🗣️🏀 Jordan Is Sitting on a Gold Mine of Young Centers… The Big Question Is: How Do We Invest It?
In many basketball countries, finding a true center is a luxury.
In Jordan, it’s becoming a strength.
While some federations spend years searching for a naturalized big man, Jordan quietly owns a growing pipeline of young local centers with size, youth, and national eligibility. What’s missing is not talent. What’s missing is a clear long-term plan to develop, track, and protect this resource.
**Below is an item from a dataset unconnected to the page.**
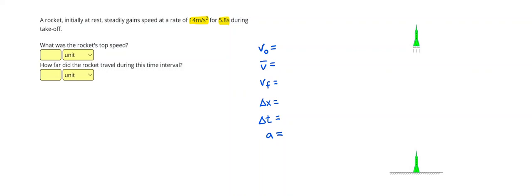A rocket initially at rest steadily gains speed at a rate of 14 meters per second for 5.8 seconds during takeoff.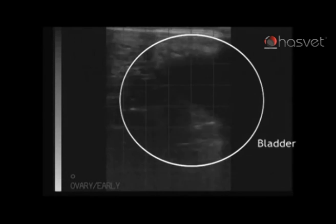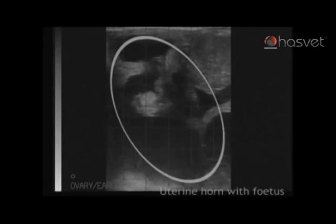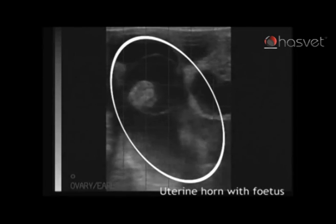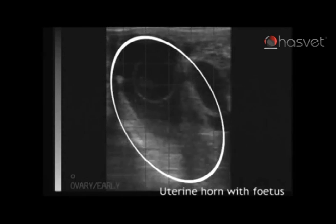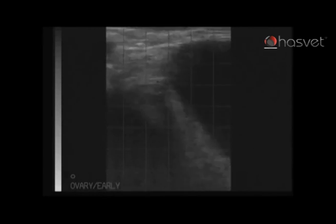We continue back down towards the bladder, which is now on the screen, and back up to evaluate the pregnancy. We can now see the fetus surrounded by the amniotic membrane. There is a presence of a heartbeat and the size of the fetus indicates that it is 37 days. We get one last glimpse of the corpus luteum as we come out.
This is not about one player.
This is about building a system.
Why This Matters
• The center position remains one of the most impactful roles in international basketball
• Good size cannot be taught — development can
• Relying on naturalized players blocks local growth
• Jordan already has depth at this position… organically
Instead of asking “Who can we naturalize?”, maybe it’s time to ask:
How do we build our own giants?
A Rare Generation of Size
Below is a group of young Jordanian big men, all holding Jordanian nationality, with heights based on official sources or player-reported data:
• Qusai Freihat (19 yrs – 215 cm) – Al Faisaly
• Fares Masharbash (19 yrs – 213 cm)
• Ghassan Samaan (20 yrs – 209 cm) – NCAA Division II
• Hashem Kaswani (15 yrs – 208 cm) – Orthodox Club
• Ghazi Al-Salah (210 cm) – Without Club
• Abdullah Al-Akash (21 yrs – 207 cm)
• Khaled Abu Shawar (207 cm) – Al-Jaleel
• Mahmoud Al-Hzaimeh (23 yrs – 206 cm) – Jubeiha Club
• Amr Al-Amouri (18 yrs – 206 cm) – Amman United
• Ahmad Al-Weshah (16 yrs – 206 cm)
• Hadi Al-Shami (19 yrs – 205 cm)
• Saeed Khawaldeh (20 yrs – 205 cm) – England
• Khaled Al-Daher (204 cm) – Taiwan University League
• Saif Al-Din Saleh (19 yrs – 204 cm)
• Nabil Katkhuda (204 cm)
• Abdulrahman Olagwan (20 yrs – 203 cm) – NCAA
• Ahmad Al-Khaza’leh (203 cm) – Al Faisaly
• Jaiden Fakhouri (19 yrs – 203 cm) – NCAA
• Kaden Najdawi (203 cm)
• Wadee’ Abdulrazzaq (14 yrs – 202 cm) – USA
• Hamza Mahdawi (17 yrs – 202 cm) – Orthodox Club
• Al-Tayyeb Qasem (18 yrs – 202 cm)
• Basel Abu Aboud (22 yrs – 202 cm) – Al-Wehdat
• Abdullah Daees (17 yrs – 200 cm)
• Hussein Al-Ababneh (19 yrs – 200 cm)
• Omar Hijazi (19 yrs – 200 cm) – Canadian University League
• Twins Yazeed & Yanal Abu Shaheel (200 cm)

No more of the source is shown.